SCOUT on the web allows users to see the how long it has been since SCOUT last visited their communities. In addition, New Yorkers can search any location in the City and view a map marked with specific locations where conditions were found. Users can search by street address, intersection, community district, council district or zip code. SCOUT on the web data will be updated on most business days and displays SCOUT findings for the past 45 days of data collection.

"With the addition of SCOUT on the web, communities will see exactly where inspectors reported conditions in their community and what agencies have done to address them," said Operations Director Jeffrey A. Kay. "SCOUT on the web promises to further the transparency, accountability and accessibility of City government."

SCOUT inspectors have identified over 46,000 conditions since the program began. The top five conditions found by SCOUT over the past 10 months were: defective street-cuts (11,880), potholes (11,258), graffiti clean-up requests (5,685), defective street hardware (5,582), and sunken catch-basins (3,685),

"The SCOUT data that comes into the 311 Customer Call Center has already improved the way agencies respond to customers," said Commissioner Cosgrave. "This is the latest in a host of technology initiatives aimed at bettering the lives of New Yorkers, and we are proud to be a part of developing this website."

Mayors Office Pilots Secret Shopper Program at Agency Walk-in Facilities

The Mayor also announced the Customers Observing and Researching Experiences (CORE) program developed by the Customer Service Group of the Mayor's Office of Operations.  CORE is the largest municipal program of its kind and the first comprehensive secret shopper program of all City agencies that interact with the public. Excluding precincts and fire houses, the CORE program was able to visit 68 percent of all City agency service centers. CORE shoppers used the same technology used by SCOUT inspectors to record quantitative findings in five key customer service areas: language access, service & accessibility, facility conditions, queuing experience & service transparency, and staff customer service.

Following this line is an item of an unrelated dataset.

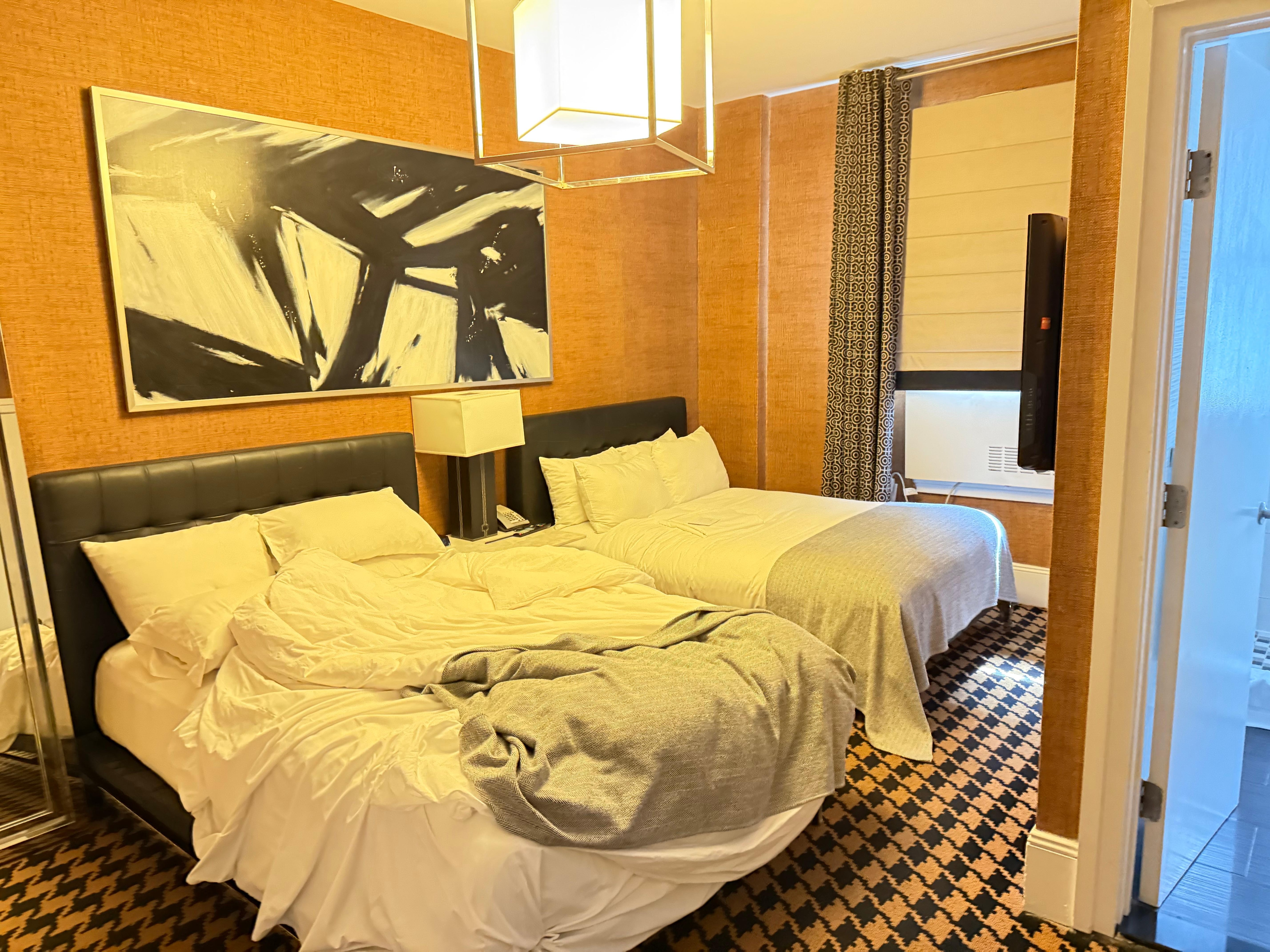 Tiny room. 2 double beds one chair.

The CORE program found that agencies are generally providing high levels of customer service to New Yorkers. Facility conditions and staff customer service had the highest scores in the five customer service areas that were measured. Language access had the lowest average score. Challenges identified by the survey include inadequate interpretation services for limited speakers of English, difficult to locate service locations, poorly maintained facilities, long wait-times and in some cases, discourteous staff. The results of this survey will be used to draft new customer service standards that agencies will be held accountable for meeting.

"The CORE program findings will allow the Mayor's Office of Operations to create Citywide customer service standards that agencies will be required to meet," said Operations Director Jeffrey A. Kay. "Measurements of customer satisfaction, wait-times and facility conditions will be part of next year's Mayor's Management Report (MMR). I look forward to working with City Agencies to prioritize those areas that can make the biggest impression on City customers."